Jackie Lavin, businesswoman, partner of Bill Cullen, star of The Apprentice on TV3, arrives at the Shelbourne Hotel in Dublin, and walks smartly into the lounge, creating an almost domino effect of turning heads. When you tell people her age - 62 - the reaction is one of disbelief. Today, she's dressed smartly in spray-on black jeans, and a grey tee-shirt, and looks remarkably toned and healthy. Cracking jokes with the Sunday Tribune photographer, the Jackie Lavin here, sitting on a couch sipping water, seems far removed from the Jackie Lavin of The Apprentice, barking at to-be-fired boardroom contestants, and staring that look down her nose when they say something that offends her. A look that would make pit bulls cower.

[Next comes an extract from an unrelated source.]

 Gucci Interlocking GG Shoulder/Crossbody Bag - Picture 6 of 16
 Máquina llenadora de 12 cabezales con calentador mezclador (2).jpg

Without TV make-up, she looks softer, less 'done up', and is remarkably down to earth. She's witty rather than funny, sharp, smart, savvy. She only has half an hour, I'm told beforehand. The interview lasts 29 minutes before she bounds off again (after offering to pay for our water) to another engagement. Lavin seems so normal, it's only afterwards, when I'm thinking about the Bentleys and helicopters, the 43-room mansion, the five-star hotel, and the rest of her trappings that I think of the powerful multi-millionaire, and not just the nice and lively lady with an edge.
There are, however, flashes of steel throughout the interview. Lavin does not suffer fools. She doesn't have time for negative influences. She hates 'attitude'. "Get the job done," she says, when I ask what her advice to young business people starting out is. "The loyalty thing in one sense is important. You have to think, 'I'm working for this company on this project and I'm really going to do my best', not just turn up, put in time, and then think about what you're doing tonight. It's about responsibility. Some people will have it and some people will never have it. You can train people and teach them, but the sense of responsibility is deeper than that." I feel like taking notes. "This dossing mentality, I can't stand that," she goes on, now on a role, ending with, "It's dishonest not to do your work properly. I have no time for that."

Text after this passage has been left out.